Content starts

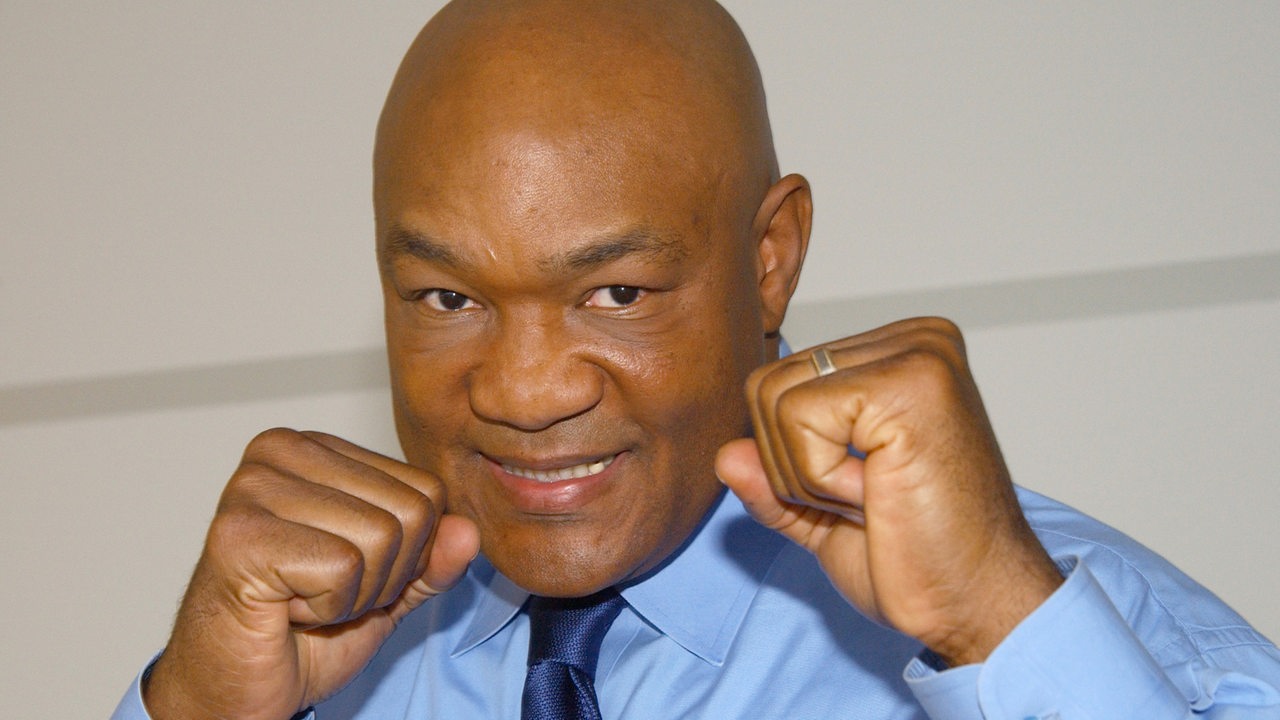 Der ehemalige Box- Schwergewichts-Weltmeister George Foreman ballt 2005 die Fäuste für die Kamera (Archivbild)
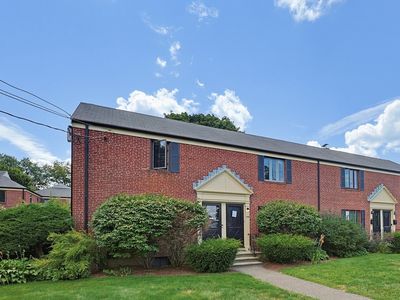 948 Belmont St Unit 948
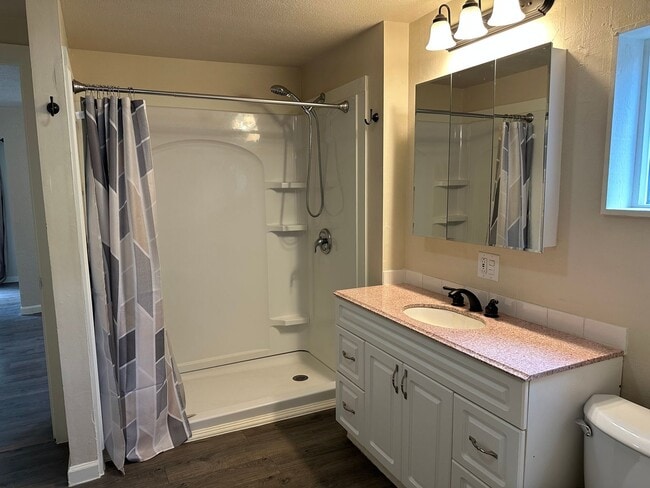 Building Photo - Charming 3 bed 1 bath house in a great a n...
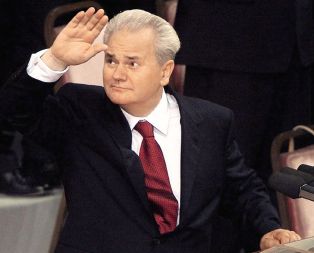 Se vrača duh Miloševića?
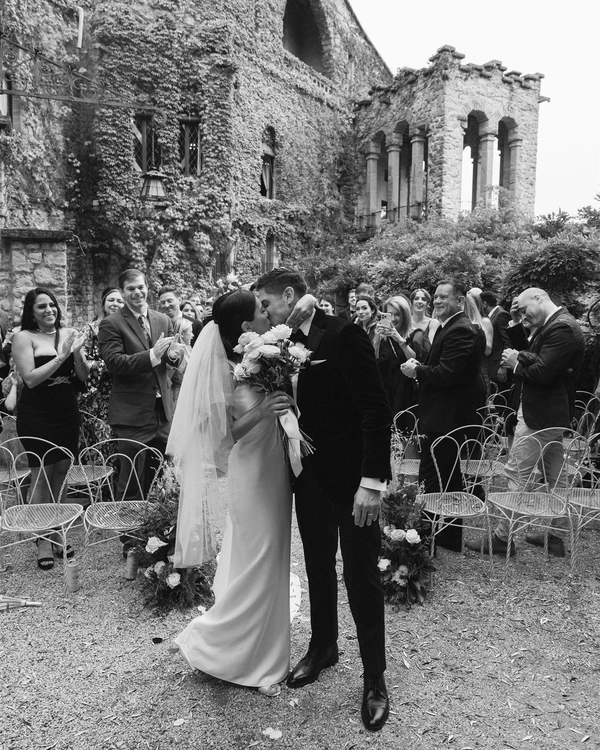 A Minimalistic Fall Wedding at La Baronia — photo 1
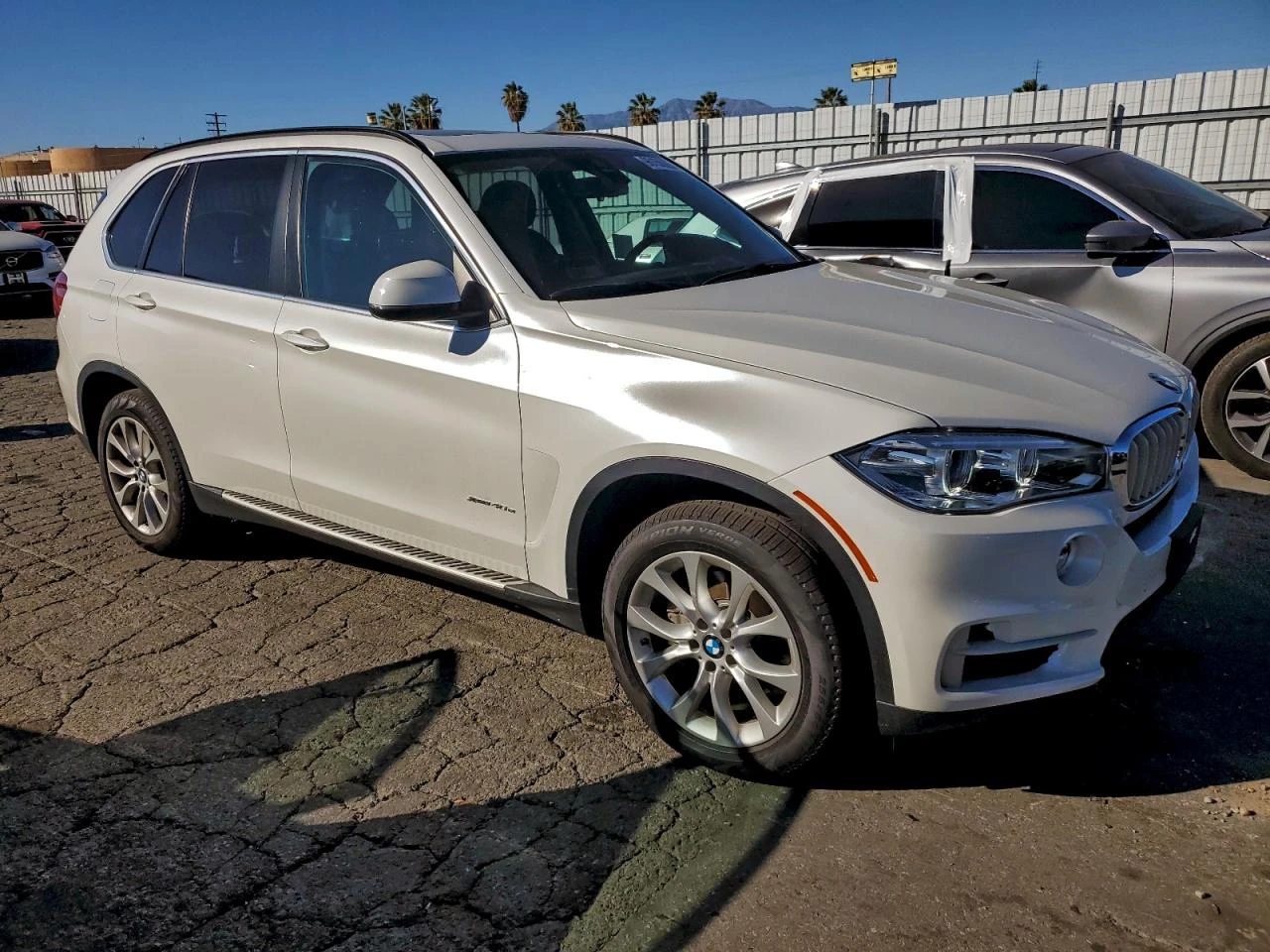 BMW X5 xDrive40e, снимка 4 - Автомобили и джипове - 54410093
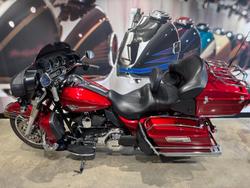 2011 Harley-Davidson Ultra Classic Electra Glide 1690 (FLHTCU) Touring Red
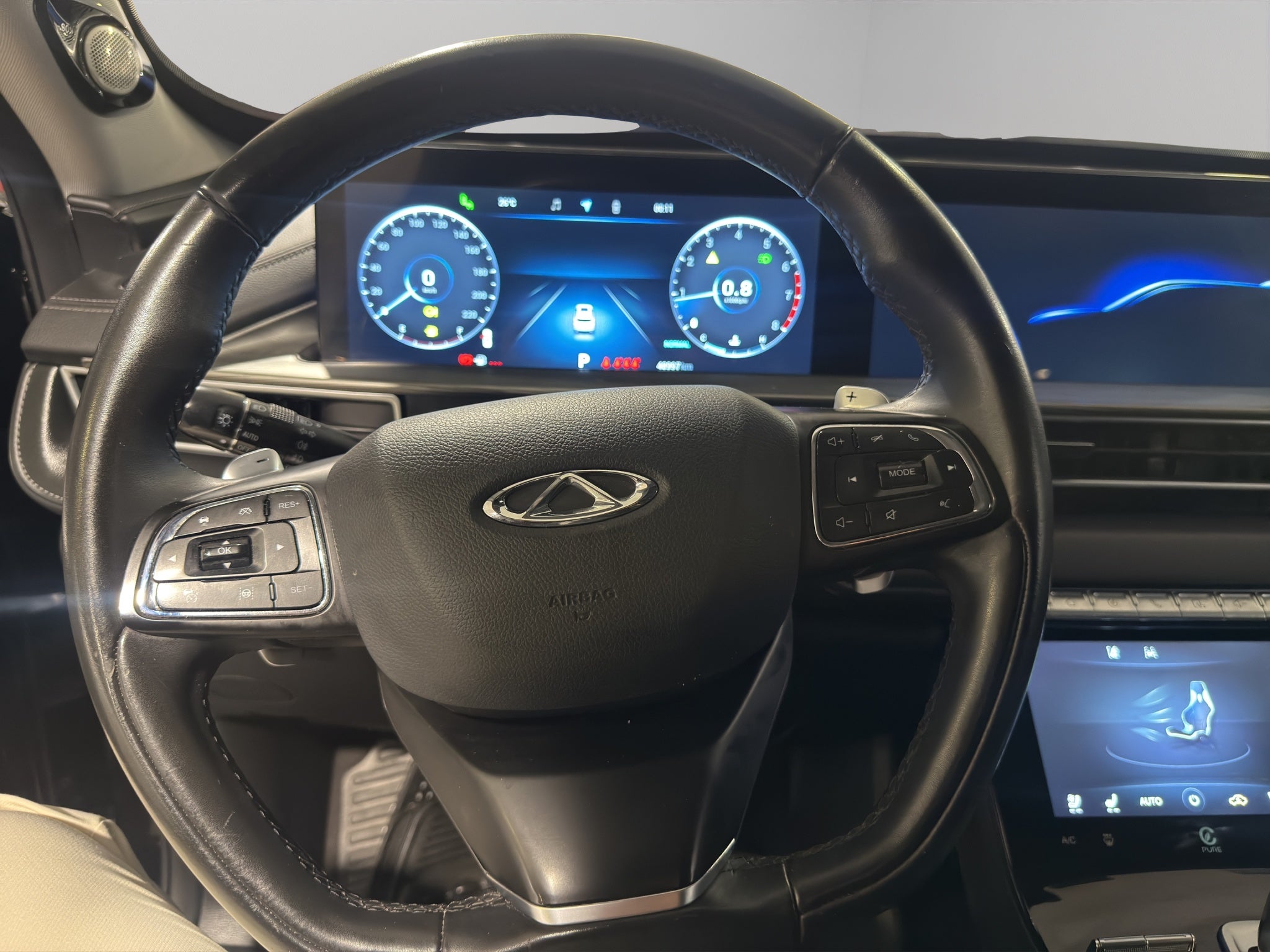 2023 Chirey Tiggo 8 Pro VUD 5 pts. Pro Max Premium, 2.0T, CVT, ADAS, RA-18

Content ends

INSTRUCTIONS TO FOLLOW » Every line of the data should be transcribed exactly. Omit the images.

RESPONSE TO THIS TASK »
 Der ehemalige Box- Schwergewichts-Weltmeister George Foreman ballt 2005 die Fäuste für die Kamera (Archivbild)
 948 Belmont St Unit 948
 Building Photo - Charming 3 bed 1 bath house in a great a n...
 Se vrača duh Miloševića?
 A Minimalistic Fall Wedding at La Baronia — photo 1
 BMW X5 xDrive40e, снимка 4 - Автомобили и джипове - 54410093
 2011 Harley-Davidson Ultra Classic Electra Glide 1690 (FLHTCU) Touring Red
 2023 Chirey Tiggo 8 Pro VUD 5 pts. Pro Max Premium, 2.0T, CVT, ADAS, RA-18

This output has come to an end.